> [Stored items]
========

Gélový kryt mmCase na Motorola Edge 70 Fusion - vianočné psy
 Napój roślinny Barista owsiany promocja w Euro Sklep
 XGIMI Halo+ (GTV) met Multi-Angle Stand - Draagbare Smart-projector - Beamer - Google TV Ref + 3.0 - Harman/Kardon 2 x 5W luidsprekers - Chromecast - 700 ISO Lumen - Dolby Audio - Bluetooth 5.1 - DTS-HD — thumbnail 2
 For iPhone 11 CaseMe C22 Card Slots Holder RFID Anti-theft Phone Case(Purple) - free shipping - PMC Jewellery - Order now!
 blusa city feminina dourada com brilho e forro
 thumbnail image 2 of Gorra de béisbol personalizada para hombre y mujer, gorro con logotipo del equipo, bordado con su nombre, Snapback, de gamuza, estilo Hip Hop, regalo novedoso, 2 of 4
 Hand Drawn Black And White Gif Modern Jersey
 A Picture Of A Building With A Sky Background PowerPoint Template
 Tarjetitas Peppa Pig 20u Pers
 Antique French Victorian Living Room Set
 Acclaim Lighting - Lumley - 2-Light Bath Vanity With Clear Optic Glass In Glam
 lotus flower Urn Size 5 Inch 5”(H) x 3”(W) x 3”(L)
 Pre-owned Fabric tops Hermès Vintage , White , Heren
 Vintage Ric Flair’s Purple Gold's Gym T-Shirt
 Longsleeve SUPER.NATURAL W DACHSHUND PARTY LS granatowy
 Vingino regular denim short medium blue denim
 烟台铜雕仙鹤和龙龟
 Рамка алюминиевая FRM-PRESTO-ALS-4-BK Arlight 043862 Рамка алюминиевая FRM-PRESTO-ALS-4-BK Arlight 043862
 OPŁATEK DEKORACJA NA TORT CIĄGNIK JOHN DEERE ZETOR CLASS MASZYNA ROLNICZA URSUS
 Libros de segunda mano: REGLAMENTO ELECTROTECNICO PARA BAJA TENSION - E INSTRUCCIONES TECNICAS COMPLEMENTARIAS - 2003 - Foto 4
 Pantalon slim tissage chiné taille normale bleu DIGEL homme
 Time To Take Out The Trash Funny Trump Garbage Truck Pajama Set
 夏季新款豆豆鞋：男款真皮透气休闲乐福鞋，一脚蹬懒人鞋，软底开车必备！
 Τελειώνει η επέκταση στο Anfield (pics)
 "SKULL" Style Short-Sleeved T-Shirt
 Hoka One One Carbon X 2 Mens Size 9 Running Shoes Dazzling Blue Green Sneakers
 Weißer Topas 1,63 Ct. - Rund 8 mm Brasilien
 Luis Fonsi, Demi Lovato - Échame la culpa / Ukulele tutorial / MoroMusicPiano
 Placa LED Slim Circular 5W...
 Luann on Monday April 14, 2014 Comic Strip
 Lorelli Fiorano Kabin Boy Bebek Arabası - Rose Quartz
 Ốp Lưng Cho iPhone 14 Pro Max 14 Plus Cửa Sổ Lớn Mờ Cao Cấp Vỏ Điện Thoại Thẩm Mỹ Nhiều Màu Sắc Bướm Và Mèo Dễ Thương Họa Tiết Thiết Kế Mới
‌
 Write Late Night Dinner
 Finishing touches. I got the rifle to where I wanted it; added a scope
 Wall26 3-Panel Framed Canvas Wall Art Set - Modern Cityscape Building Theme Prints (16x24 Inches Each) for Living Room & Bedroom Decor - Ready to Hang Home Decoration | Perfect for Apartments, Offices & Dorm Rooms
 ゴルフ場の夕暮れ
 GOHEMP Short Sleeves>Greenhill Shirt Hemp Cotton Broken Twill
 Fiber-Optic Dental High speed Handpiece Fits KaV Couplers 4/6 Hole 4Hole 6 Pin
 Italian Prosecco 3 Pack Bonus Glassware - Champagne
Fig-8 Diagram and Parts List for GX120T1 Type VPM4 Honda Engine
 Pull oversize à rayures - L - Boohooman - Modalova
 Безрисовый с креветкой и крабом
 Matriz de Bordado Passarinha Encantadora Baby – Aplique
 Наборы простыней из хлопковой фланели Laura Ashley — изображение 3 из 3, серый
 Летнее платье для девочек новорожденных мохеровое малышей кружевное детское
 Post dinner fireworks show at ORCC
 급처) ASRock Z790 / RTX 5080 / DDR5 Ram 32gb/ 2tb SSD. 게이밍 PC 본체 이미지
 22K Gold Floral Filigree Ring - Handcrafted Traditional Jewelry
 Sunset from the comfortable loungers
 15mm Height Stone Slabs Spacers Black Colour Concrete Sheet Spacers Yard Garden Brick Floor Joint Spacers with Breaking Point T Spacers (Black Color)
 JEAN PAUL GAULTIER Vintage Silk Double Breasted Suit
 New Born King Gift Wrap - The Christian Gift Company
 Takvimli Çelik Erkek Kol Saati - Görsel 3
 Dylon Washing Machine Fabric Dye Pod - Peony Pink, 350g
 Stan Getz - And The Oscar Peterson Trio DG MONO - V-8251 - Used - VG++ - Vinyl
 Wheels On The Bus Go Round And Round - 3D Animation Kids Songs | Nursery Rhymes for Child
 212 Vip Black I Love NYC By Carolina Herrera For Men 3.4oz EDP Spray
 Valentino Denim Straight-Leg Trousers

========

> [Action item] From the entries above, show each line that includes the string "Optic".

> [Output for this task]
 Acclaim Lighting - Lumley - 2-Light Bath Vanity With Clear Optic Glass In Glam
 Fiber-Optic Dental High speed Handpiece Fits KaV Couplers 4/6 Hole 4Hole 6 Pin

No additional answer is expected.